President Donald Trump said this week he is "not looking to renew" the US-Mexico-Canada Agreement before its July 1 review deadline, which determines whether the pact will be extended for another 16 years. As reported by Reuters, the pact governs roughly $1.6 trillion in annual trade, including roughly $400 billion in vehicle and automotive parts trade. and currently keeps USMCA-compliant goods largely exempt from broader tariffs, helping hold down prices for Americans. Automakers like Ford, GM, and Stellantis, which build extensively in Mexico and Canada, could face a tougher cost picture. Automakers are already navigating a complex tariff environment, with some imported vehicles and components facing duties if they fail to meet USMCA requirements. Dealers, meanwhile, are stuck planning around a moving target.
Why The Trade Deal Matters For Your Next Car
USMCA was built to keep North American supply chains cheap and predictable, with automotive parts accounting for over 75 percent of exports to these countries. For years, parts have crossed borders multiple times before a vehicle is finished, and the deal made sure none of that movement triggered extra taxes. Without an extension, the agreement enters rolling annual reviews but stays in force for roughly a decade unless a country exits entirely. That sounds reassuring. It isn't really. Automakers hate uncertainty almost as much as tariffs themselves, because long-term plant investments take years to plan.
There's also a physical bottleneck. The aging Ambassador Bridge between Detroit and Windsor carries over $300 million in goods daily, and a brief delay can stall Ford's F-150 production within the hour. The new Gordie Howe Bridge was supposed to fix this. Instead, Trump has threatened to delay its opening over toll disputes, adding another layer of risk to an already strained supply chain. Combine that with looming tariff changes, and the path to an affordable car gets a lot longer.

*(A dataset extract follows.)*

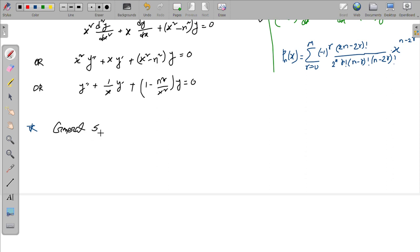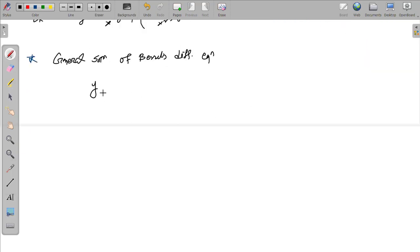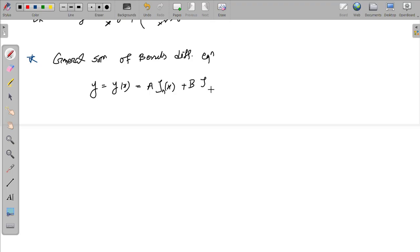The general solution of the Bessel differential equation: Y equals A·Jn(x) plus B·J-n(x), where A and B are constant coefficients, Jn(x) is the Bessel function, and J-n(x) is also a Bessel function.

Factories In Mexico And Canada Could Take A Hit
Automakers spent decades building production networks across North America under NAFTA and later USMCA, taking advantage of largely duty-free trade. Plants building everything from pickup trucks to assembling EVs in Mexico now face a murkier future. Mexican and Canadian auto exports to the US already face a 25 percent tariff on the non-US content of a vehicle. If that expands, the math behind those investments starts to fall apart, and some companies may quietly start shifting plans back stateside.